**PROVIDED DATA:**
= = = = = = =

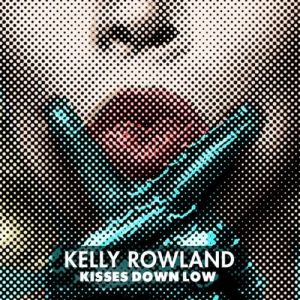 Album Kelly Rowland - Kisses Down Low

= = = = = = =

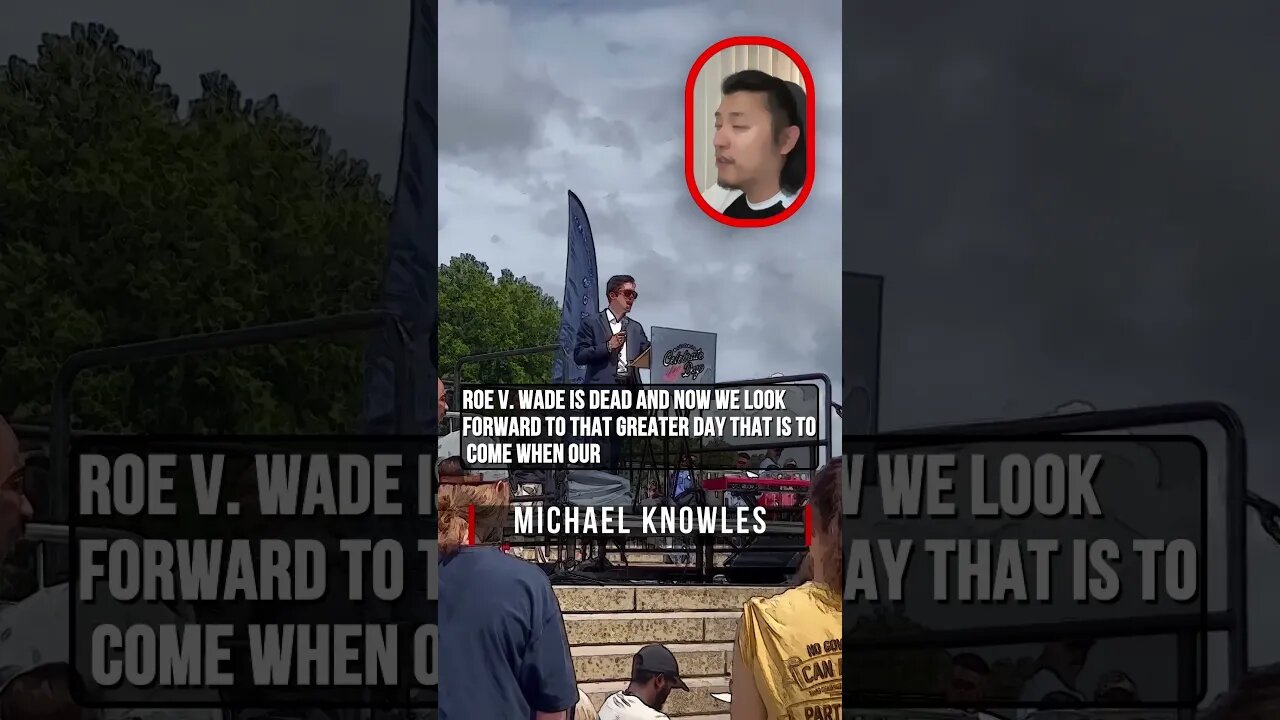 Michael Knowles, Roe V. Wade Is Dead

= = = = = = =

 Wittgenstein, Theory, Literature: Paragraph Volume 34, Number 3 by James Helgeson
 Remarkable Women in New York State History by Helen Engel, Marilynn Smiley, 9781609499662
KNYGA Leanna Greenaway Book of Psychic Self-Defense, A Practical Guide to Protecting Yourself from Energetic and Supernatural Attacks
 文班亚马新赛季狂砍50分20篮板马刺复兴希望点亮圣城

= = = = = = =

**THE PROBLEM:** Your task is to restate, word for word, only those lines above that fall between the line holding "KNYGA Leanna Greenaway" and the line holding "文班亚马新赛季狂砍50分20篮板马刺复兴希望点亮圣城", inclusive.

**WRITTEN ANSWER:**
KNYGA Leanna Greenaway Book of Psychic Self-Defense, A Practical Guide to Protecting Yourself from Energetic and Supernatural Attacks
 文班亚马新赛季狂砍50分20篮板马刺复兴希望点亮圣城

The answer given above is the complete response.